Pandera Data Validation
Pandera is a lightweight and flexible open-source Python library for data validation and testing statistical data objects, such as Pandas DataFrames and Series. It allows users to define schema objects to validate the structure, types, and values of data, ensuring data quality and preventing unexpected errors. The library is actively maintained, with version 0.30.1 currently available, and undergoes frequent minor releases.
Warnings
- breaking Pandera dropped support for Python 3.9 in version 0.27.0. Users on Python 3.9 must use an older Pandera version.
- breaking Pandera v0.27.1 fixed a regression with `numpy==2.4.0`. Users on `pandera==0.27.0` paired with `numpy==2.4.0` may encounter `ValueError` related to type recognition.

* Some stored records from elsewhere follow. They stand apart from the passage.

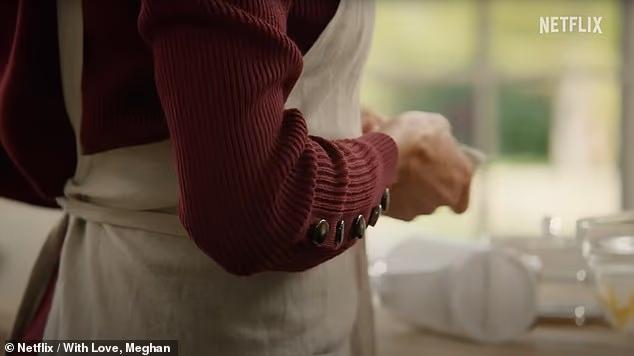 Meghan’s Jumper Drama: Copy-Kate Strikes Again?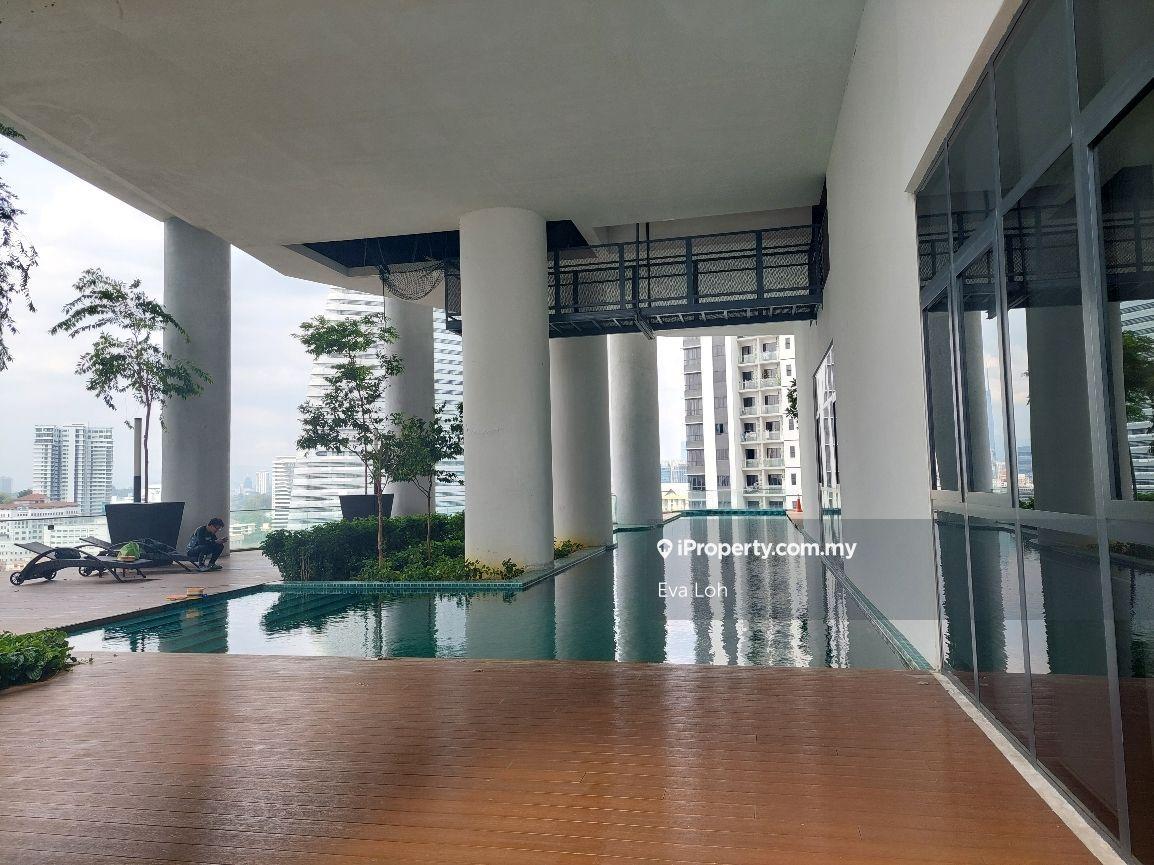 Residensi Servis untuk Disewa di KL Gateway Premium Residences oleh Eva Loh - iProperty.com.my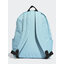 adidas Hátizsák adidas Classic Badge of Sport Backpack HR9813 preloved blue/white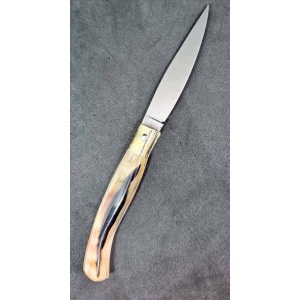Coltello antico sardo artigianale tradiZioni sarde i migliori coltelli artigianali pastore da caccia tavola Collezione Sardegna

- gotcha Pandera v0.30.0 introduced support for Pandas >=3.0. While this is an enhancement, older Pandera versions (<0.30.0) are not compatible with Pandas 3.0 and will likely fail.
- gotcha To use Pandera with alternative DataFrame backends like Polars or PySpark, you must install additional dependencies via extras (e.g., `pip install pandera[polars]`). Core installation only supports Pandas.
Install
-
pip install pandera -
pip install pandera[polars] -
pip install pandera[pyspark]
Imports
- pandera
import pandera as pa
- DataFrameSchema
from pandera import DataFrameSchema
- Column
from pandera import Column
- Check
from pandera import Check
- SeriesSchema
from pandera import SeriesSchema
Quickstart
import pandas as pd
import pandera as pa
from pandera import Column, DataFrameSchema, Check
# 1. Define a DataFrameSchema
schema = DataFrameSchema(
columns={
"id": Column(int, Check.greater_than_or_equal_to(0)),
"name": Column(str, Check.str_matches(r"^[A-Za-z]+$")),
"value": Column(float, Check.in_range(0.0, 1.0))
},
# Optionally specify index validation
index=pa.Index(int, name="index"),
# Ensure no extra columns exist
strict=True
)
# 2. Create a valid DataFrame
valid_df = pd.DataFrame({
"id": [1, 2, 3],
"name": ["Alice", "Bob", "Charlie"],
"value": [0.1, 0.5, 0.9]
})
# 3. Validate the DataFrame
try:
validated_df = schema.validate(valid_df)
print("Valid DataFrame validated successfully:")
print(validated_df)
except pa.errors.SchemaErrors as e:
print(f"Validation failed unexpectedly for valid data: {e}")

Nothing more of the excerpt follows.